START Dataset entries

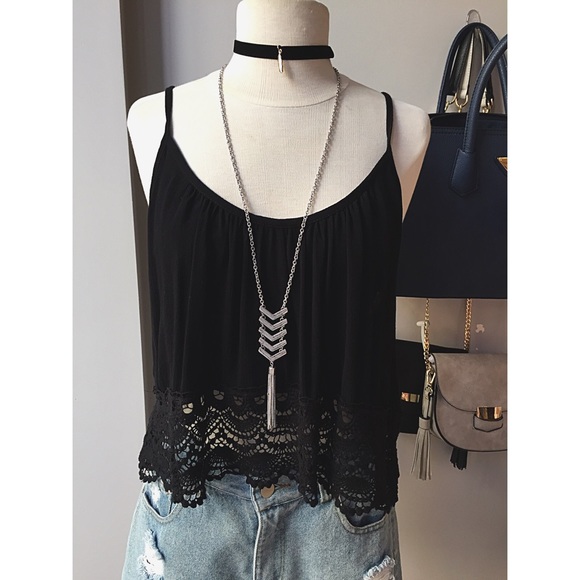 Open Back Black Crochet Crop Tank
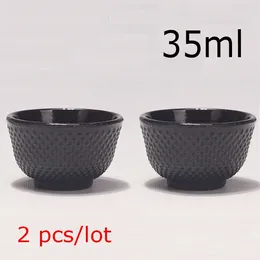 Kopjes Schoteltjes 2 stuks Gietijzeren Theekopjes Set Theekopje Voor Japanse Tetsubin Drinkware 35ml Handgemaakte Gereedschappen hoogwaardige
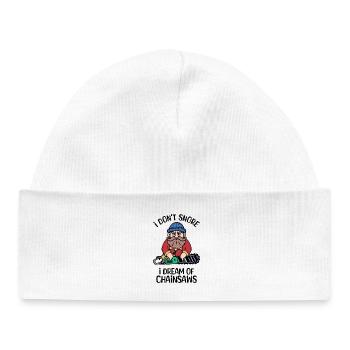 Scie à bois tronçonneuse bûcheron Woodland - Bonnet bébé bio - blanc - Devant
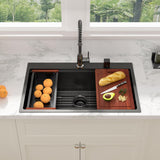 Sarlai 33 Matte Black Drop-In Kitchen Sink Workstation - 33x22 Inch Drop Kitchen Sink with Ledge NANO-Tech Black Topmount Round Corner 16 Gauge Stainless Steel Single Bowl Sinks Basin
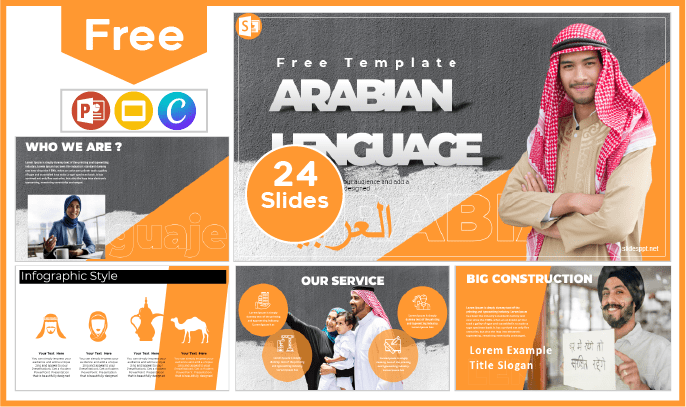 Free Arabic Language Day Template for PowerPoint and Google Slides.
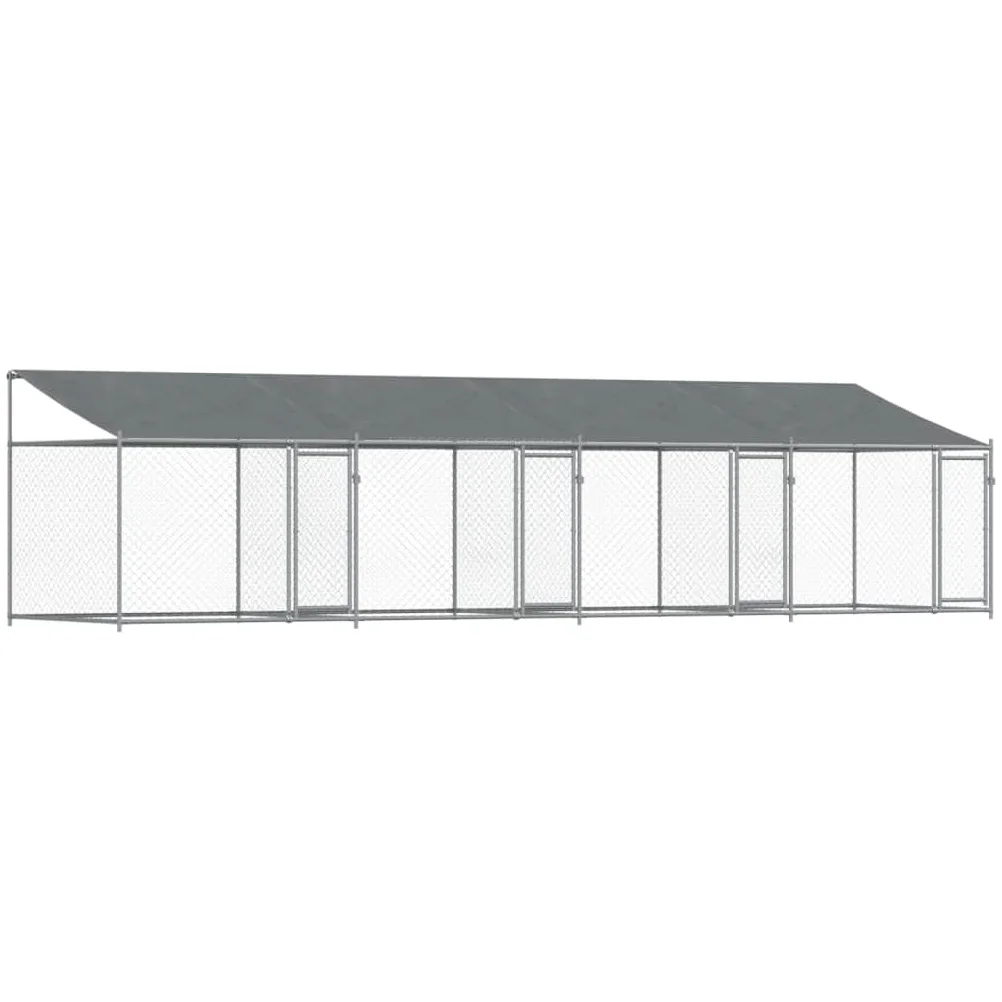 IKAYAA Recinto per Cani da Esterno Box per Cani da Esterno Cuccia Cane Esterno Gabbia Cani con Tetto e Porte Acciaio Zincato-8 x 2 x 2 m/3 uscite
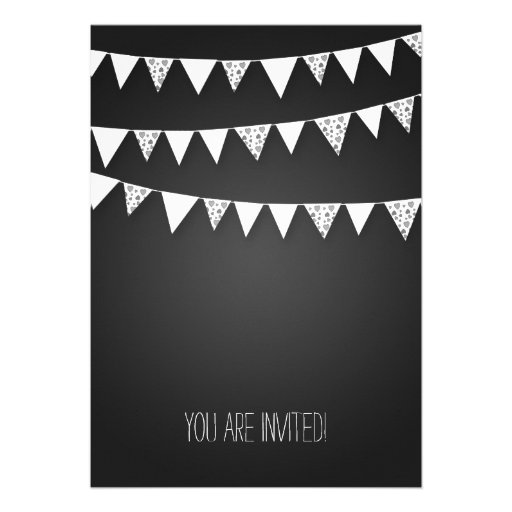 Housewarming Party Hearts Bunting Black Personalized Invitations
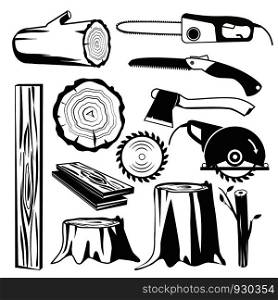 Wood trunks black. Wooden industry forestry tree elements vector monochrome pictures. Illustration of wood trunk and forestry industry, instrument sawmill and equipment for cutting. Wood trunks black. Wooden industry forestry tree elements vector monochrome pictures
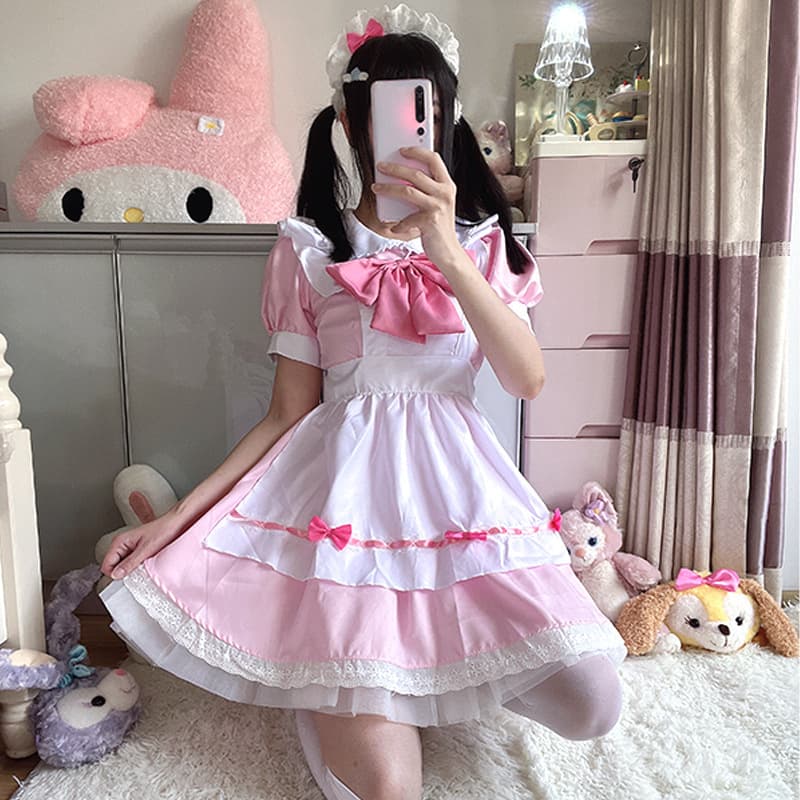 Japanese Sweet Pink and White Maid Cosplay Lolita Anime Soft Girl Maid Uniform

END Dataset entries

→ **To do**: Transcribe the data exactly, minus any images.

→ **Task solution**:
 Open Back Black Crochet Crop Tank
 Kopjes Schoteltjes 2 stuks Gietijzeren Theekopjes Set Theekopje Voor Japanse Tetsubin Drinkware 35ml Handgemaakte Gereedschappen hoogwaardige
 Scie à bois tronçonneuse bûcheron Woodland - Bonnet bébé bio - blanc - Devant
 Sarlai 33 Matte Black Drop-In Kitchen Sink Workstation - 33x22 Inch Drop Kitchen Sink with Ledge NANO-Tech Black Topmount Round Corner 16 Gauge Stainless Steel Single Bowl Sinks Basin
 Free Arabic Language Day Template for PowerPoint and Google Slides.
 IKAYAA Recinto per Cani da Esterno Box per Cani da Esterno Cuccia Cane Esterno Gabbia Cani con Tetto e Porte Acciaio Zincato-8 x 2 x 2 m/3 uscite
 Housewarming Party Hearts Bunting Black Personalized Invitations
 Wood trunks black. Wooden industry forestry tree elements vector monochrome pictures. Illustration of wood trunk and forestry industry, instrument sawmill and equipment for cutting. Wood trunks black. Wooden industry forestry tree elements vector monochrome pictures
 Japanese Sweet Pink and White Maid Cosplay Lolita Anime Soft Girl Maid Uniform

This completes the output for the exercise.